Calvin and Hobbes: Something Under the Bed is Drooling (Andrews and McMeel squarebound softcover edition) – Bill Watterson

3 out of 5

Early C & H.  Don’t get me wrong – all of Calvin and Hobbes contained the core elements that kept it so unique and made its effect long lasting, but it definitely took Watterson time to either find his exact voice or get comfortable with being 100% cynical and silly (or both).

As is the case with collections, addressing more the publication and content covered.

As I’ve said about the squarebound editions, they are nicer for reading but they do rob the strip of its widescreen effec.  And jamming 2-3 strips per page, while it can help the flow if there are linked concepts or plots, can also render those ‘poignant’ C & H moments all too easy to bypass.  There’s also the oddity of the Andrew and McMeel editions that the strips either went to an undesired page count OR perhaps they wanted to include extra material, so every few pages there’s a random Calvin drawing on the bottom.  Again, nice, but because they have no relation to anything, they can sometimes seem incorrectly matched with whatever emotion is happening in the strip – for example if we get a girl-bashing strip and then the drawing below is something ‘heartwarming’.  Aw, cynical no longer.  Pfft.  It might be because my copy of the book has been through the wringer, but it also seems like this early collection (this was the 2nd Calvin book) is a step down in page quality.  The paper is still thick but has a cheap look to it, and is off-white as opposed to bright white of some of my other squarebounds.
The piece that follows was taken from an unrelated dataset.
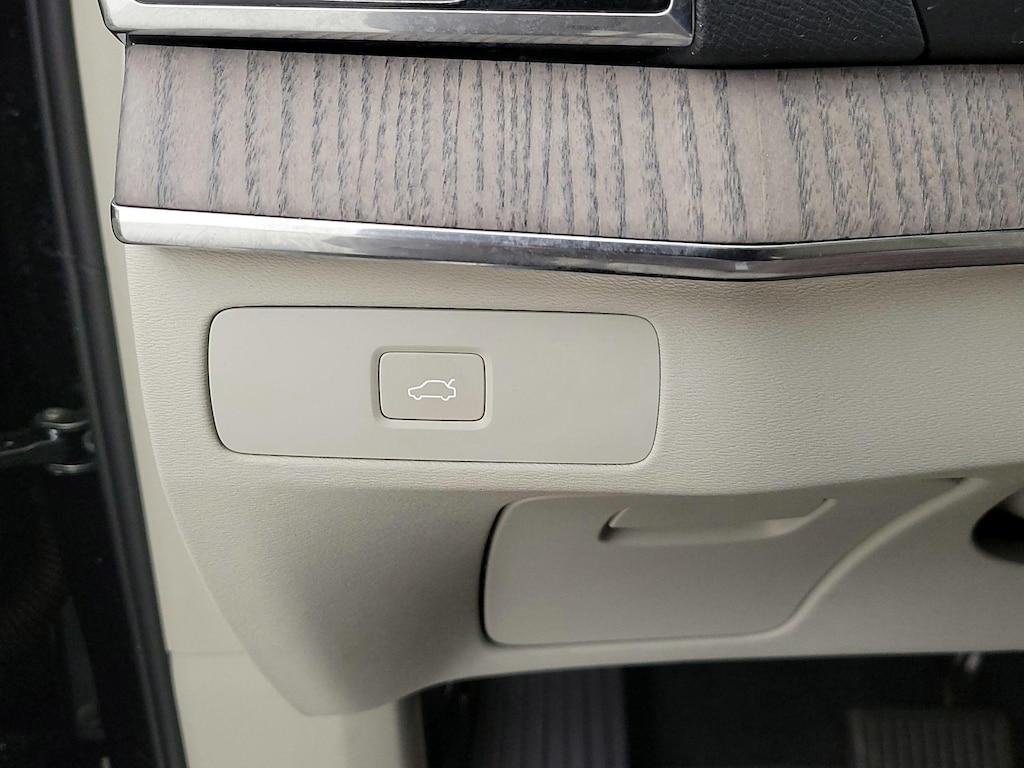 used 2023 Volvo XC90 car, priced at $39,998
Content: In terms of extras you get a foreward by Pat Oliphant, whom I don’t know, but maybe you do.  (Wikipedia does.  Still don’t know ‘im.)  Not just because the name isn’t familiar, but his words seem like empty praise.  I have no doubt he digs the strip, but it just feels like such a generic, searching for a tagline ‘this is great’ opener that its, eh, not worth much.  Sorry, Pat.  The collection of work touches on a couple familiar Calvinisms – origin of the Transmogrifier, some babysitter interaction – but also has a couple early gags that were more kind-hearted and Watterson making sure we knew the line between fantasy and reality.  There was even a strip that sort of broke the “is the tiger real?” meta question because it directly flip-flopped from real to stuffed in a way that leaves no question that this is all in Calvin’s head.  Certain tropes seemed to be not quite established at all, as we get several strips of Calvin maybe sorta being okay with Susie.  Weird.  And yes, environmentalism has always lurked around the strip, but its really sappy obvious here.  There are some strips that just go for a “nature rocks, people sucks” peace sign without a wistful Calvin statement or gag to highlight some kind of disconnect.  Things were just less layered back in these Calvin days.  So it’s still fun, but not near as sharp as later eras.

The drawing feels the same way.  There’s actually a pleasant looseness to things here, which gives the book a sort of fledgling charm vs. the sure-handed scrappiness that would come, but the sacrifice is that Calvin’s expressions are sometimes a little too ‘duh’ and the proportions are sometimes off, Bill apparently fiddling with just the right tiger to boy ratio.

Obviously there’s no deterring Calvin fans from owning these strips in one collection or another, and the series does not suffer from being unreadable at any given point.  There’s plenty to laugh at here.  But beyond what was always a fun setup, the humor and writing are a bit more traditional in the strips in ‘Drooling.’